§ TRY IT: From the line holding "Top PHP MVC Frameworks" through the line holding "format of his" below, write out every line exactly; include both of those lines and drop the pictures.

§ WORKING DATA:
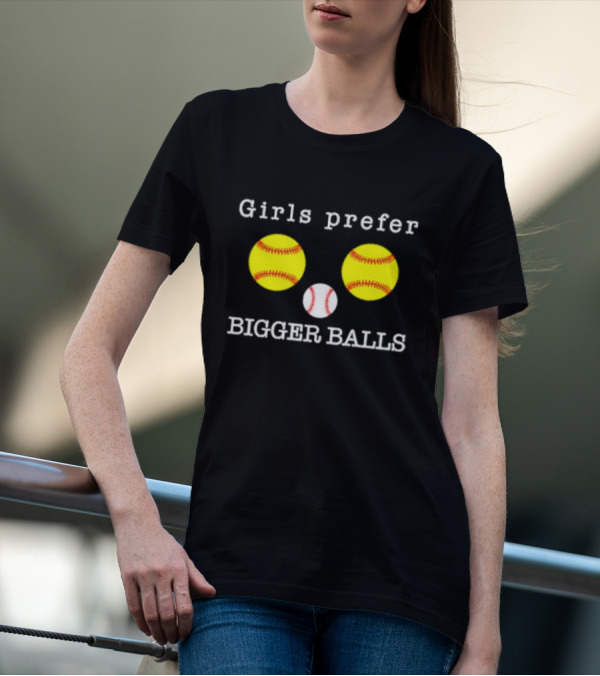 Girls Prefer Bigger Balls Softball Baseball Playful Humor T-Shirt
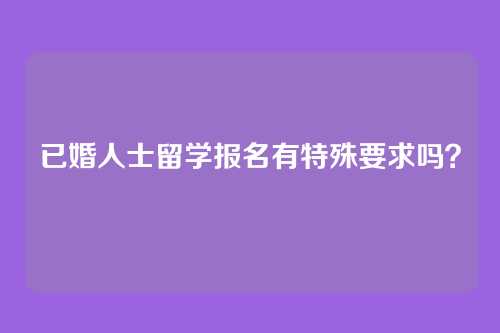 已婚人士留学报名有特殊要求吗?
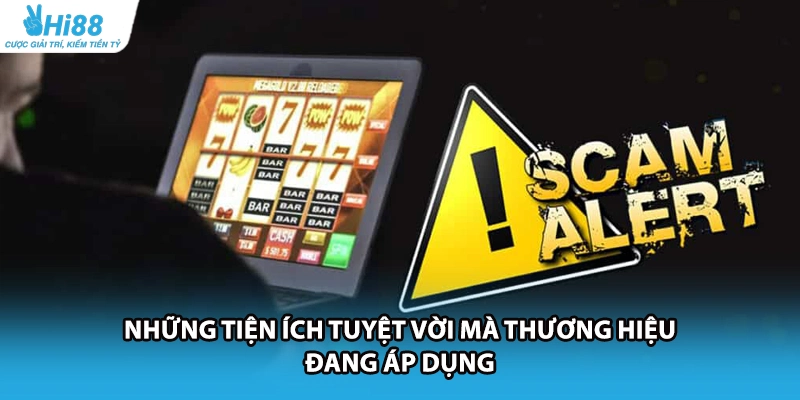 Những tiện ích tuyệt vời mà thương hiệu đang áp dụng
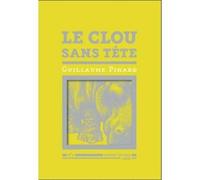 Le Clou sans tête N°6 - Guillaume Pinard - Semiose Eds - broché - Beau livre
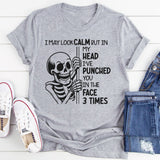 I May Look Calm But In My Head I’ve Punched You In The Face 3 Times T-Shirt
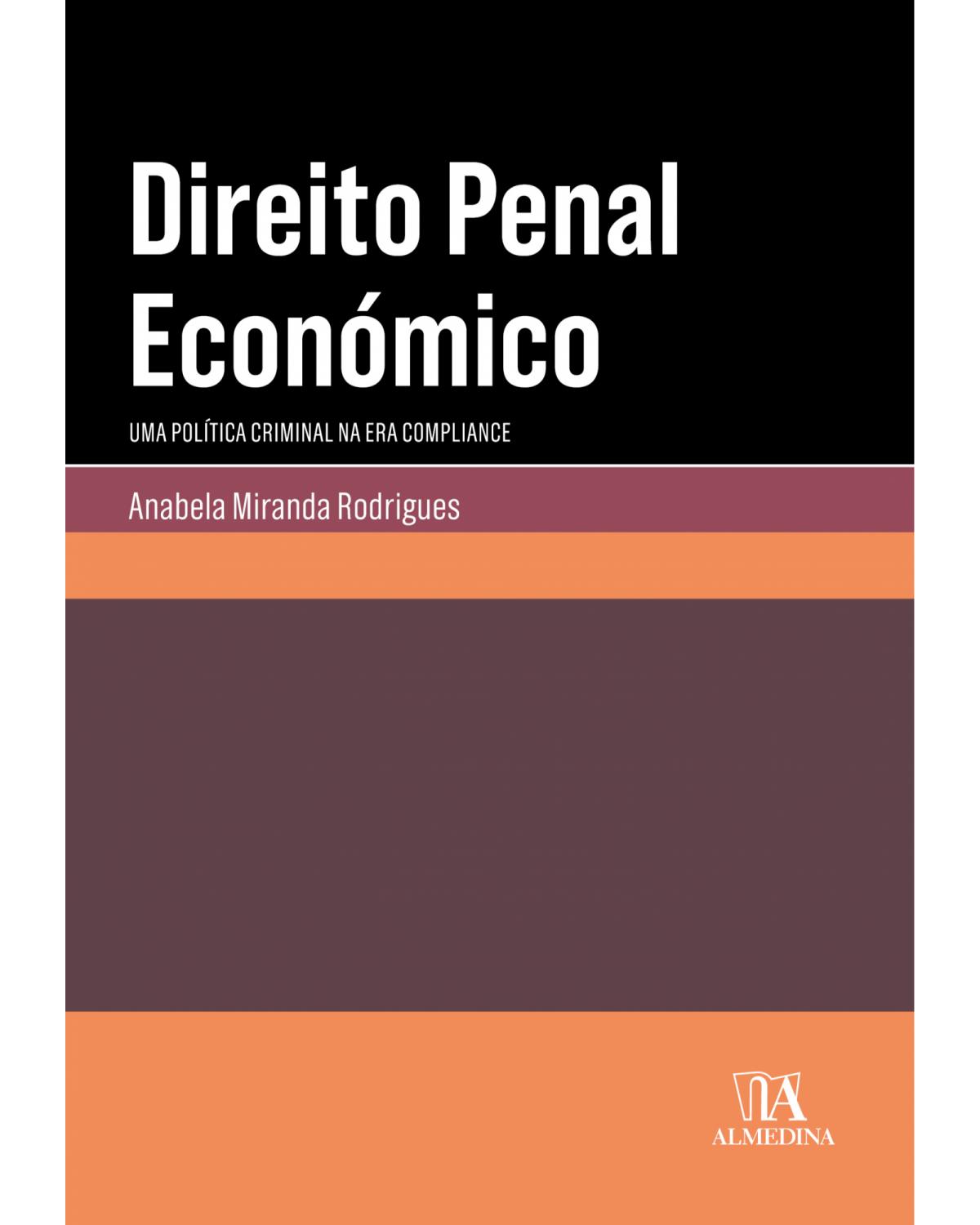 Direito penal económico - uma política criminal na era compliance - 1ª Edição | 2019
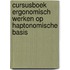 Cursusboek ergonomisch werken op haptonomische basis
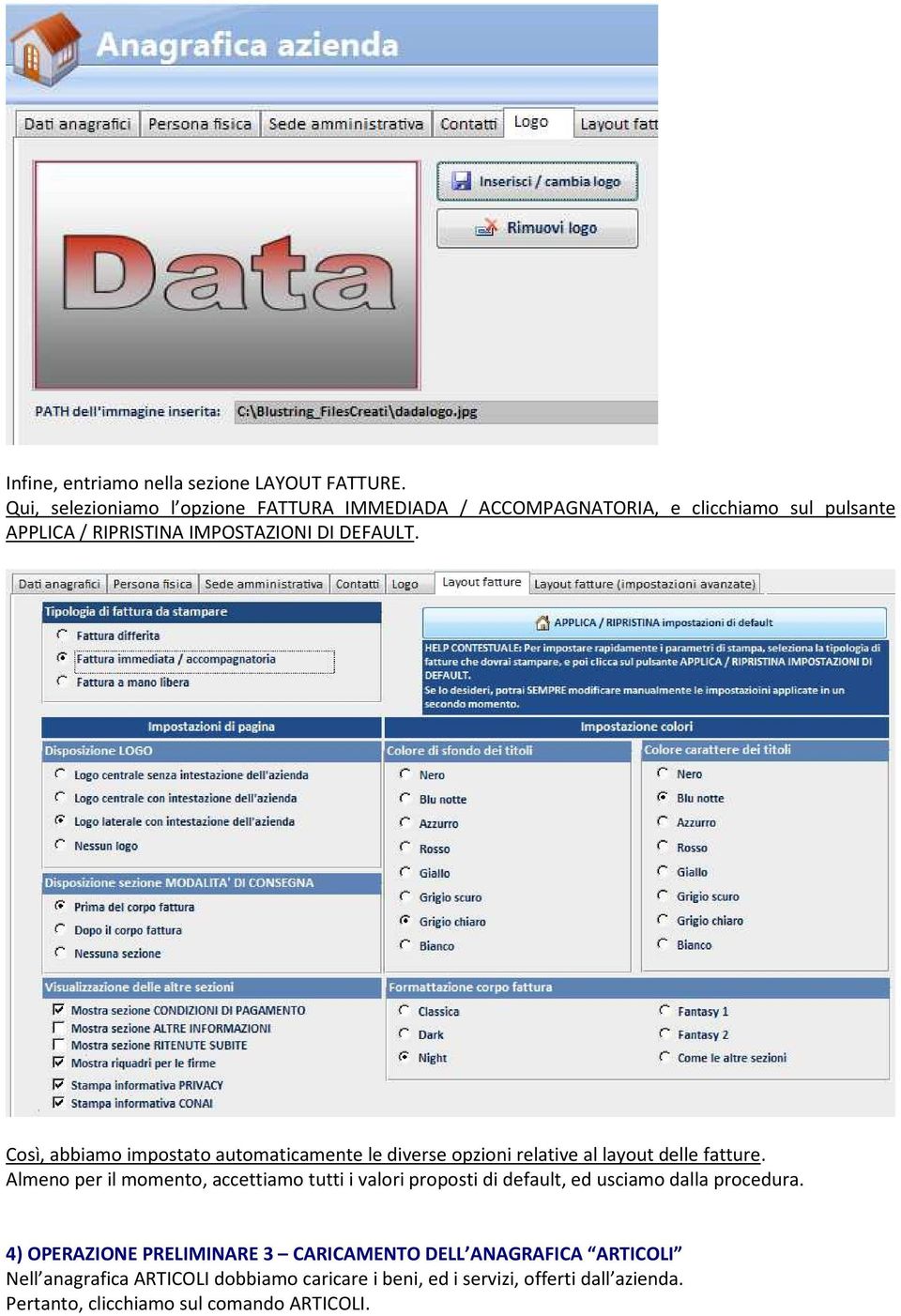 Così, abbiamo impostato automaticamente le diverse opzioni relative al layout delle fatture.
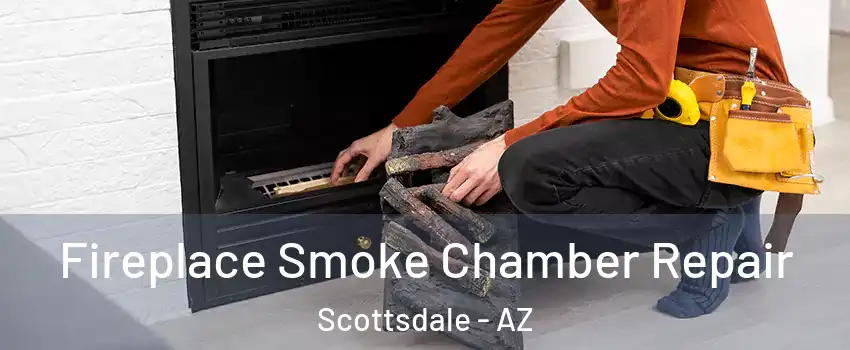 Fireplace Smoke Chamber Repair Scottsdale - AZ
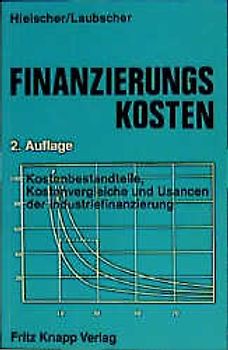 Finanzierungskosten. Kostenbestandteile, Kostenvergleiche und Usancen der Industriefinanzierung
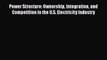 Read Power Structure: Ownership Integration and Competition in the U.S. Electricity Industry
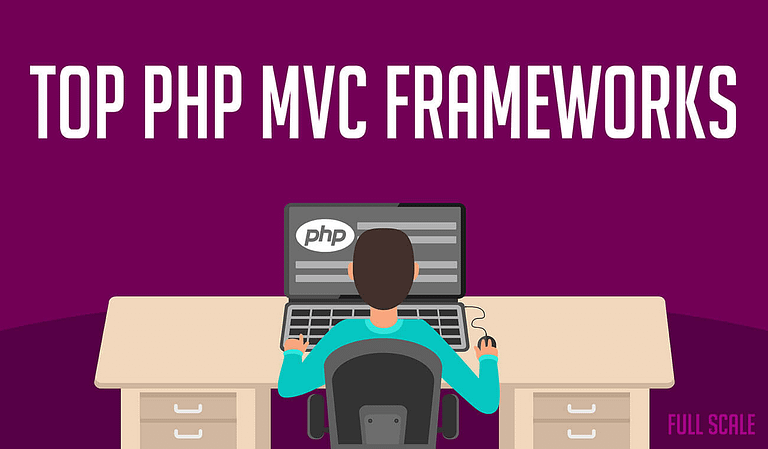 Top PHP MVC Frameworks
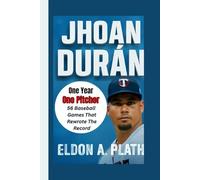 JHOAN DURÁN: One Year, One Pitcher, 56 Baseball Games That Rewrote the Record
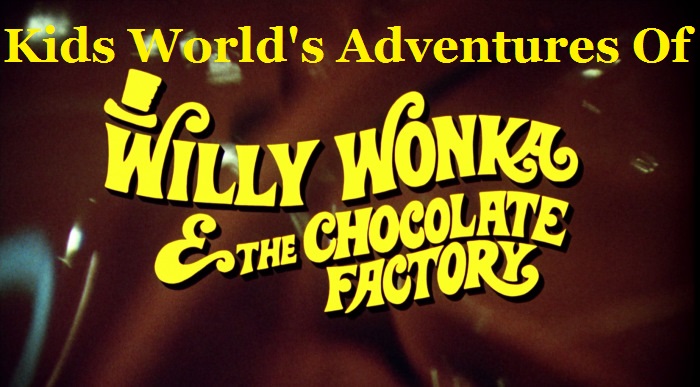 Kids World's Adventures Of Willy Wonka and the Chocolate Factory, Kids  World's Adventures Wiki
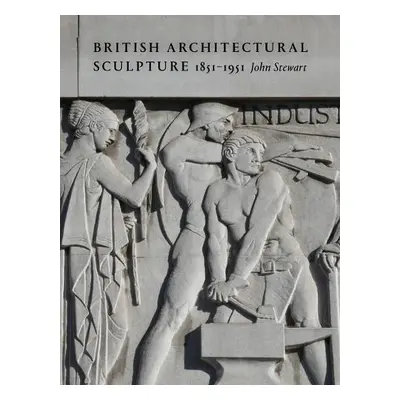 British Architectural Sculpture - Stewart, John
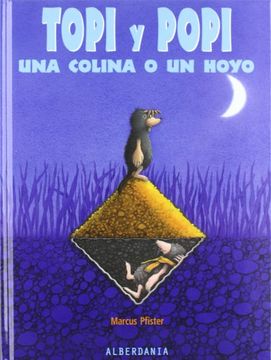 portada Topi y Popi una Colina o un Hoyo (Álbumes en Color) (in Spanish)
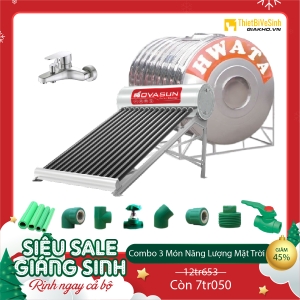 Combo Máy Nước Nóng Năng Lượng Mặt Trời 3 Món Tiết Kiệm Nova Sun CB3MNS01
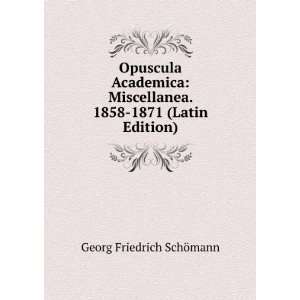  Georg. Frid. Schoemanni Opuscula Academica Miscellanea 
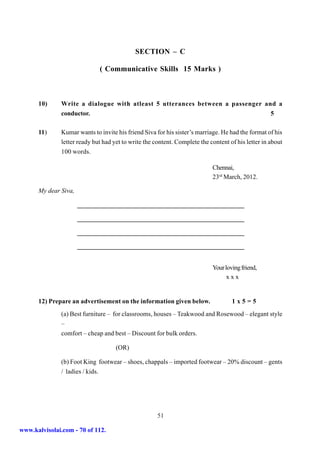 SECTION – C

                              ( Communicative Skills 15 Marks )



      10)      Write a dialogue with atleast 5 utterances between a passenger and a
               conductor.                                                       5

      11)      Kumar wants to invite his friend Siva for his sister’s marriage. He had the format of his
               letter ready but had yet to write the content. Complete the content of his letter in about
               100 words.

                                                                            Chennai,
                                                                            23rd March, 2012.

      My dear Siva,




                                                                            Your loving friend,
                                                                                  xxx


      12) Prepare an advertisement on the information given below.                  1x5=5
               (a) Best furniture – for classrooms, houses – Teakwood and Rosewood – elegant style
               –
               comfort – cheap and best – Discount for bulk orders.

                                     (OR)

               (b) Foot King footwear – shoes, chappals – imported footwear – 20% discount – gents
               / ladies / kids.




                                                      51

www.kalvisolai.com - 70 of 112.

§ THE ANSWER:
 Top PHP MVC Frameworks
 JHOAN DURÁN: One Year, One Pitcher, 56 Baseball Games That Rewrote the Record
 Kids World's Adventures Of Willy Wonka and the Chocolate Factory, Kids  World's Adventures Wiki
 British Architectural Sculpture - Stewart, John
 portada Topi y Popi una Colina o un Hoyo (Álbumes en Color) (in Spanish)
 Combo Máy Nước Nóng Năng Lượng Mặt Trời 3 Món Tiết Kiệm Nova Sun CB3MNS01
  Georg. Frid. Schoemanni Opuscula Academica Miscellanea 
 SECTION – C

                              ( Communicative Skills 15 Marks )



      10)      Write a dialogue with atleast 5 utterances between a passenger and a
               conductor.                                                       5

      11)      Kumar wants to invite his friend Siva for his sister’s marriage. He had the format of his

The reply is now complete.